Given data:
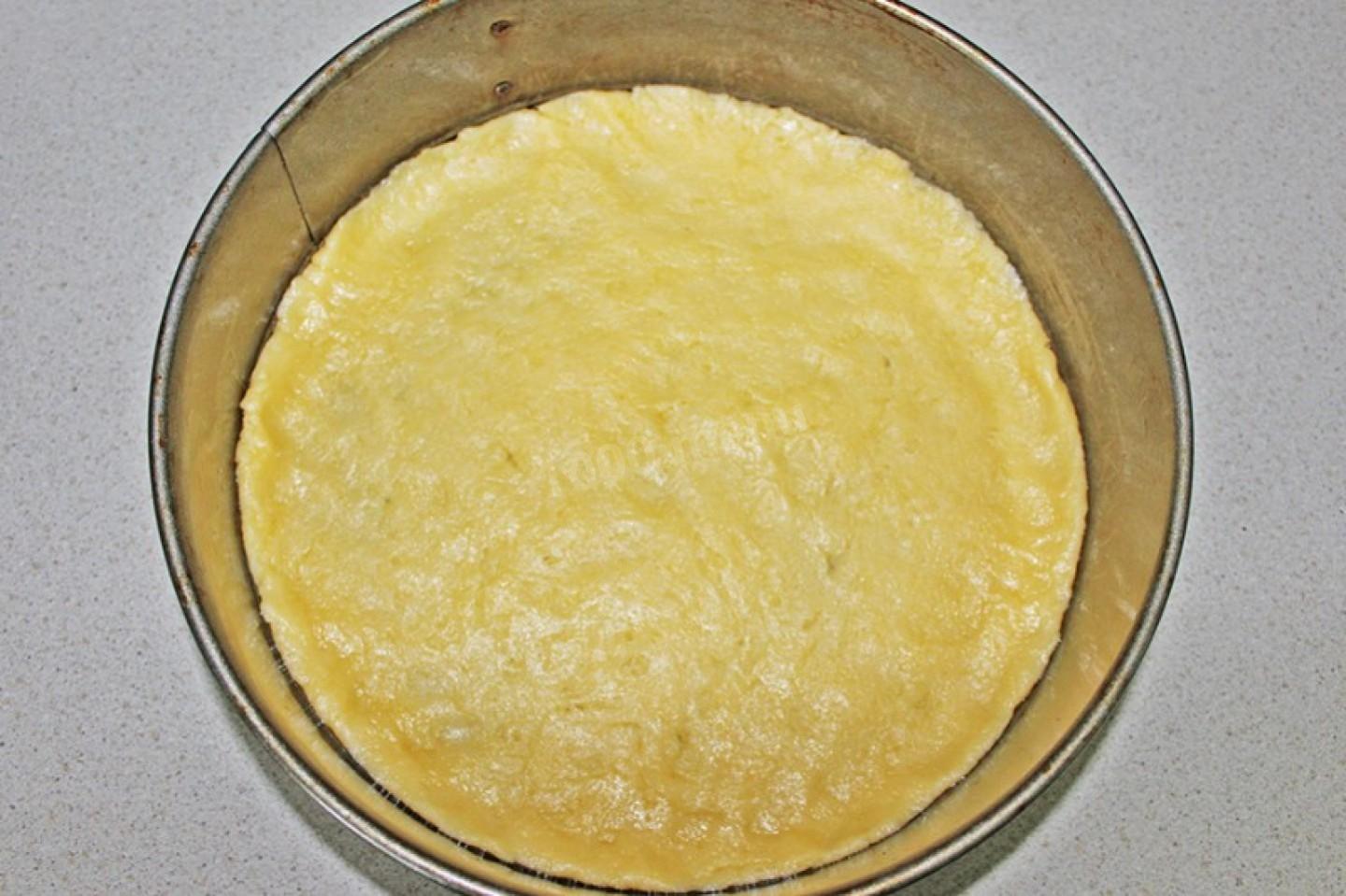 Шаг 7 приготовления Торт Паутинка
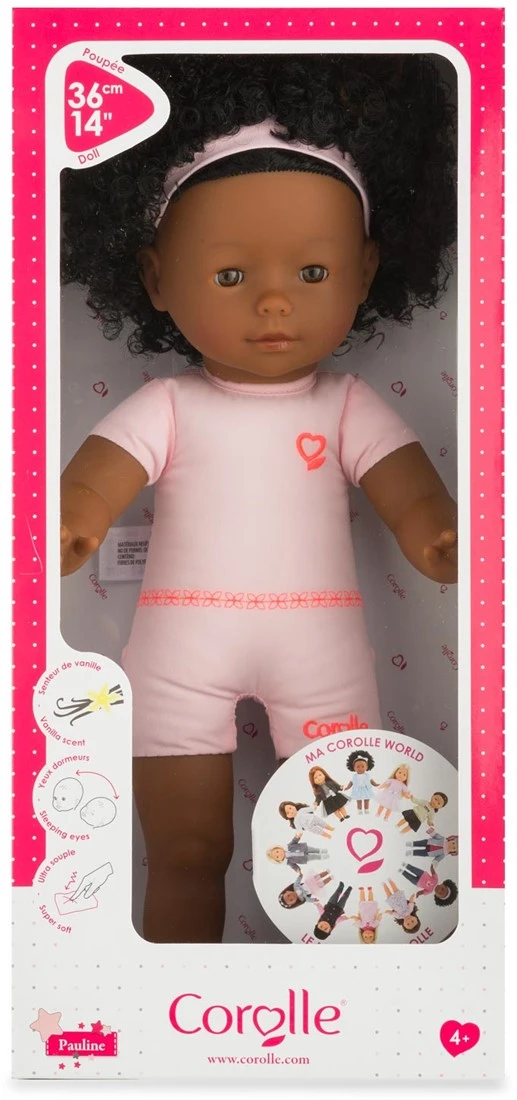 Corolle 9000200100 Ma Pauline 36cm / Französische Puppe Mit Charme Und Vanilleduft, Mehrfarbig 4 Corolle 9000200100 Ma Pauline 36cm / Französische Puppe Mit Charme Und Vanilleduft, Mehrfarbig – Bild 2
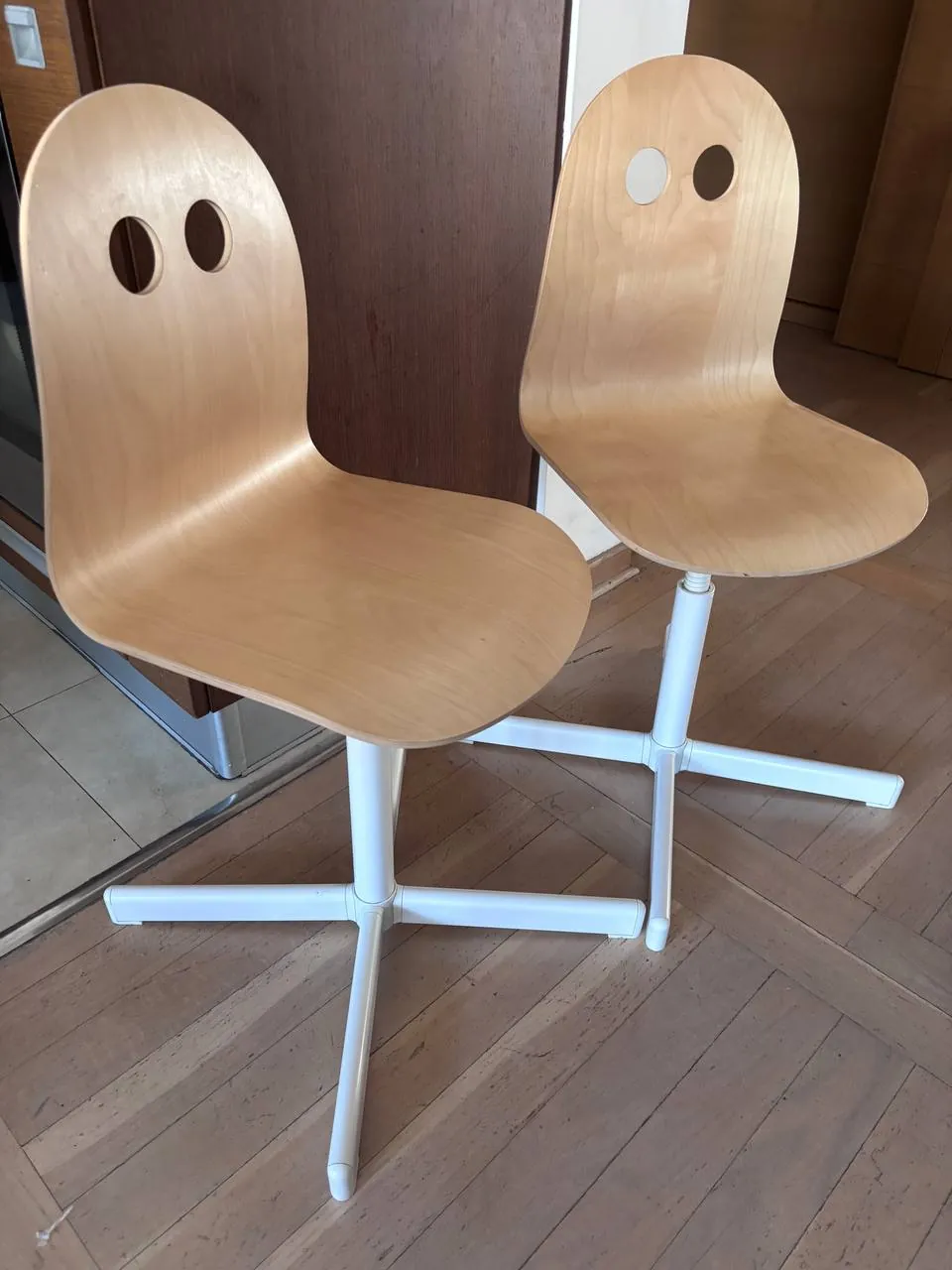 Детские стулья IKEA Sibben регулируемые 1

Your assignment: Everything from the line with "Mehrfarbig – Bild 2" through the end of the listing above, both ends included, should be set down exactly; copy nothing else, and skip the pictures.

Exercise response:
 Corolle 9000200100 Ma Pauline 36cm / Französische Puppe Mit Charme Und Vanilleduft, Mehrfarbig 4 Corolle 9000200100 Ma Pauline 36cm / Französische Puppe Mit Charme Und Vanilleduft, Mehrfarbig – Bild 2
 Детские стулья IKEA Sibben регулируемые 1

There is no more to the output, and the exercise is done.